Hamas zapowiada walkę aż do całkowitego zniszczenia Izraela. „Izrael to kraj, dla którego nie ma miejsca na naszej ziemi"
Wojna w Izraelu trwa już niemal miesiąc. Zaczęło się 7 października, kiedy Hamas przeprowadził zmasowany i nieoczekiwany atak, wystrzeliwując tysiące rakiet i uderzając na lądzie w zwyczajnych cywilów w Izraelu, także m.in. w turystów zagranicznych na festiwalu muzycznym. Liczba ofiar wyniosła 1400 osób, są setki porwanych. Skrajne barbarzyństwo ataku spotkało się z miażdżącą odpowiedzią Izraela, która również przyniosła śmierć wielu niewinnych osób. W ostrzałach Gazy zginęło 3,8 tys. ludzi, w tym 3,5 tys. dzieci. Ostatni atak na obóz dla uchodźców w Gazie wywołał wiele reakcji pełnych oburzenia, ale Izrael tłumaczy, że celował w wysokiego rangą lidera Hamasu, który schował się między cywilami. Będziemy walczyć do kompletnego zwycięstwa, całkowicie zniszczymy Hamas - podkreśla premier Benjamin Netanjahu. Tymczasem z drugiej strony barykady płyną dokładnie takie same słowa i nic nie wskazuje na to, by udało się zażegnać krwawy konflikt.
Ghazi Hamad z Hamasu: "Istnienie Izraela jest przyczyną całego tego bólu, krwi i łez… i należy je zakończyć"

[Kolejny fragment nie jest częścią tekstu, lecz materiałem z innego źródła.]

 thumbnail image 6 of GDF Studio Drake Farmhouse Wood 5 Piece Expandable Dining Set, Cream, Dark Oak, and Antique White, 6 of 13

Podczas gdy Izrael podkreśla, że ma prawo się bronić i że jest to wojna o "być albo nie być", Hamas odpowiada, że zamierzają niszczyć Izrael aż do skutku, by "zakończyć okupację". „Izrael to kraj, dla którego nie ma miejsca na naszej ziemi. Musimy usunąć ten kraj” – powiedział były minister spraw zagranicznych tej grupy terrorystycznej Ghazi Hamad w libańskiej telewizji. "Okupacja musi się zakończyć... Mówię o wszystkich ziemiach palestyńskich" - dodał. "Istnienie Izraela jest przyczyną całego tego bólu, krwi i łez… i należy je zakończyć. Izraelowi należy dać nauczkę. Będziemy to robić wielokrotnie. Jesteśmy ofiarami okupacji. Nikt nie powinien nas winić za to, co robimy, wszystko, co robimy, jest uzasadnione" - mówił Ghazi Hamad. Posunął się tak daleko, że zaczął nawet zaprzeczać celowemu krzywdzeniu cywilów, choć zostało to szeroko udokumentowane w materiałach z 7 października. „Nie chcieliśmy krzywdzić ludności cywilnej” - stwierdził członek Hamasu w telewizji, zrzucając winę za rzezie na „komplikacje w terenie”.